We performed restriction with XhoI and XmaI restriction enzymes on both the plasmids and the inserts (phoA and xyIE) and ligated them together. In order to check whether the ligation was successful and we got ourselves new BioBricks we did a colony PCR with one primer for the insert and one for the plasmid.

phoA Colony PCR

<p>As shown in Figure 4, we managed to ligate the phoA insert with most of our backbones, except for the K1F promoter backbone. This means that we got 4 new BioBricks :)

xyIE colony PCR

As shown in Figure 5, we managed to ligate the xyIE insert with all of our backbones. This means that we got 5 new BioBricks :)

Controls

Positive Controls

Figure 6:  gel electrophoresis for the PCR results of the positive control backbone (triplicate). Expected size: 2300 bp. The left lane is a standard 1 Kb ladder (NEB).

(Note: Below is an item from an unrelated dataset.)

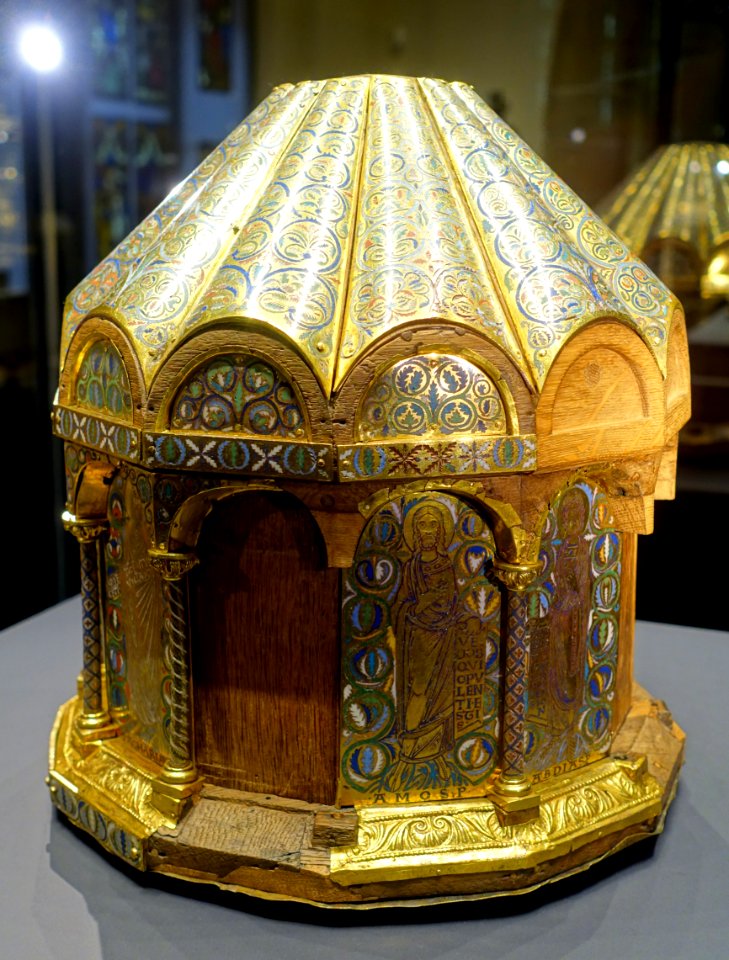 Darmstadt Tower Reliquary, view 2, Cologne, 1190-1210, enamel, gilt copper, oak, brass - Hessisches Landesmuseum Darmstadt - Darmstadt, Germany - DSC00191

As mentioned before, after we made our new BioBricks we wanted to know whether the genes are expressed and the assays actually work. So we ligated our inserts- phoA and xyIE, to a backbone from the distribution kit (BBa_I13600), which contained the pTetO promoter along with an engineered CFP (eCFP) gene which we removed by PCR. We also added XhoI and XmaI restriction sites in both ends of the plasmid. 
As shown in Figure 6, the experiment yielded a positive result.

Figure 7: gel electrophoresis for the colony PCR results of the positive control plasmids with each insert. Expected size for phoA: 3750 bp, and for xyIE: 3250 bp. The left lane is a standard 1 Kb ladder (NEB).
Restriction, Ligation and Transformation

We performed restriction with XhoI and XmaI restriction enzymes on both the plasmids and the inserts (phoA and xyIE) and ligated them together. In order to check whether the ligation was successful and we got ourselves new BioBricks we did a colony PCR with one primer for the insert and one for the plasmid. uniform

As shown in Figure 7, we had positive colonies only for the xyIE and not for the phoA.

Figure 8: Presents a starter of the BL21 bacteria with the pTetO + xyIE plasmid. On the left is a tube with the addition of catechol, on the right is the one without an addition of catechol.

As shown in Figure 8, a distinct yellowish hue in the xyIE assay was detected after the substrate was added, which means our xyIE gene works as planned.